Sweeping statements aside, Algorythm
is a technically sound showcase of modern progressive death metal, but kicks off in a predictable fashion. “Disenthrall” is the typical symphonic build into monolithism. “Entre Suffrage et Mirage” is exactly the track listeners want to be hearing off a new Beyond Creation album. The riffs enter the fray fast and furiously, growled vocals tear through the mix, allowing both a sense of urgency and an ability to get lost amidst the tumultuous waves of lunging death metal riffs and blistering double bass. It is simply what it is, Algorythm
in a musical format. Whatever the listeners’ issues with modern death metal there will always be something on offer to placate the old school purists.

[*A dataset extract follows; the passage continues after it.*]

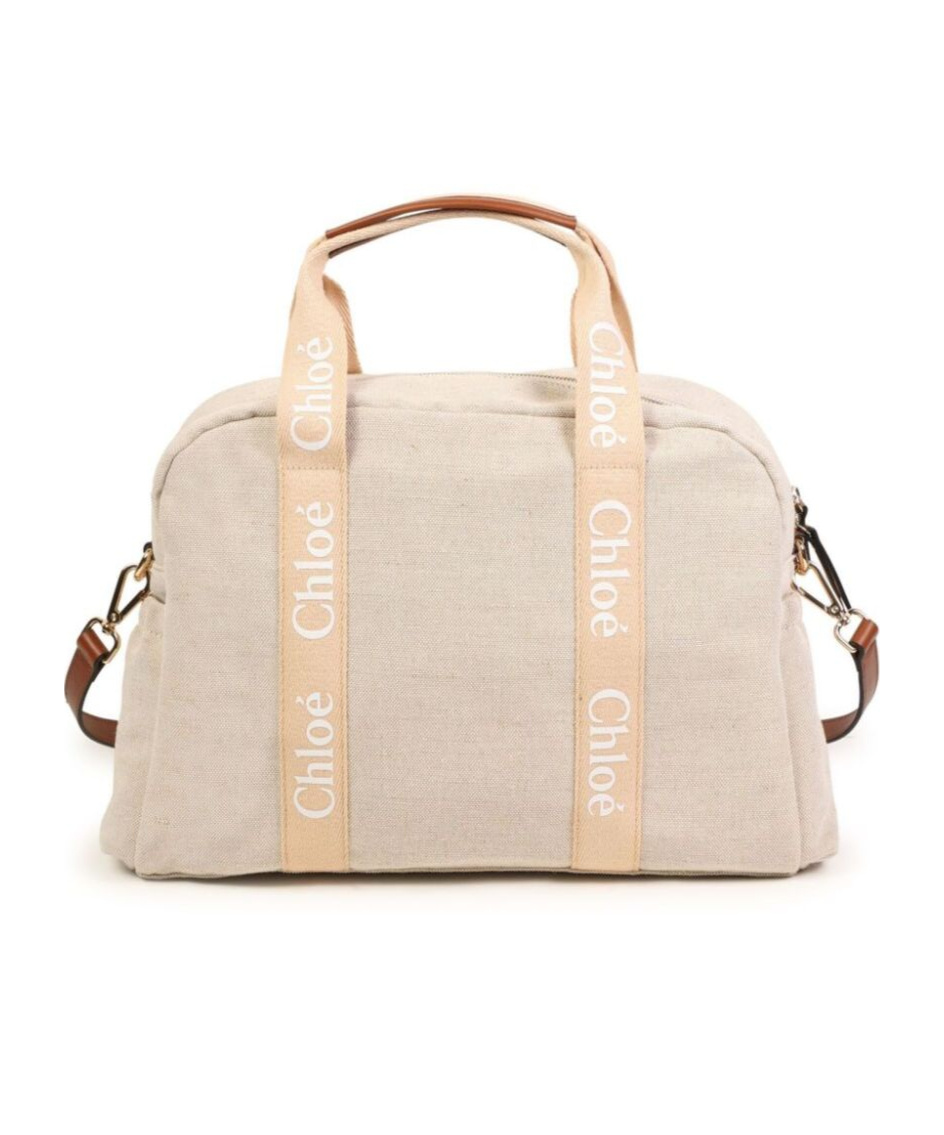 Shop Chloé Kids Logo Printed Strapped Changing Bag In Nude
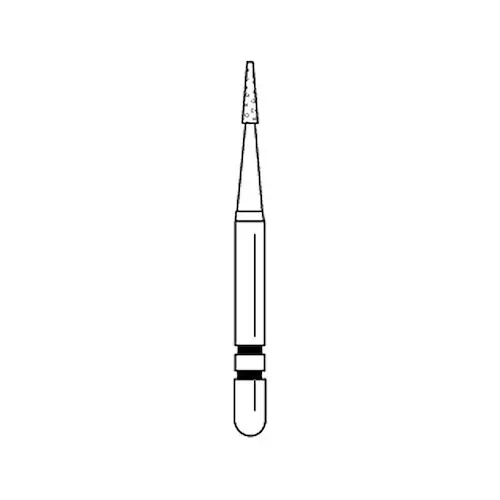 Two Striper Diamond Bur, FG, Cone Point End, Interproximal Trimmer, #200.3, Fine, Red, 0.8 mm Major/0.3 mm Minor Diameter, 3.0 mm Length, 5/Pk, 2015042 thumbnail 8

The bilingual nature of Beyond Creation may distance some listeners from this Montreal based, Quebec-ian powerhouse, but it doesn’t detract from the Algorythm
experience. With massive tracks like the somewhat brooding “Surface’s Echoes” and the Gojira-esque title track. Beyond Creation borrow only in influence, reinforcing their own style of technically capable death metal. But as the towering layers of death metal lunge from strength to strength there is respite, and a calmness that breaks the album near in two. “À travers le temps et l’oubli” is a key led expression of cinematic atmosphere, releasing all the tension built either side of this graceful wall. Rest assured that the band’s typical gravitational pull to all things heavy returns quickly on arguably the album’s heaviest track, “In Adversity”. At just over three minutes, it’s all groove and sensibly technical prowess on display. While being one of the record’s shortest compositions, there’s still plenty going on in the typical Beyond Creation vein. Bass noodling, sweeping leads, the full assortment of percussive range from the tech death handbook… even Simon Gerard’s deep vocal growls push past the standards found on the group’s previous records and showcase a group of musicians hitting their collective strides.
Beyond Creation are not doing a lot differently from their previous releases, nor are they making pains to do different from similar acts. Algorythm
is simply ‘better’, despite the misgivings of the genre. Overall Beyond Creation’s newest offering stands tall, moving easily from one musical idea to the next. It’s not perfect in mixing it in its bearing but these gripes can be overlooked in simple appreciation of what it takes to be relevant in the technical death metal scene. Beyond Creation have found a monolithic synergy to their music, now they’ve just got to keep the momentum going. Algorythm
isn’t album of the year material, but it’s definitely worth its replay values.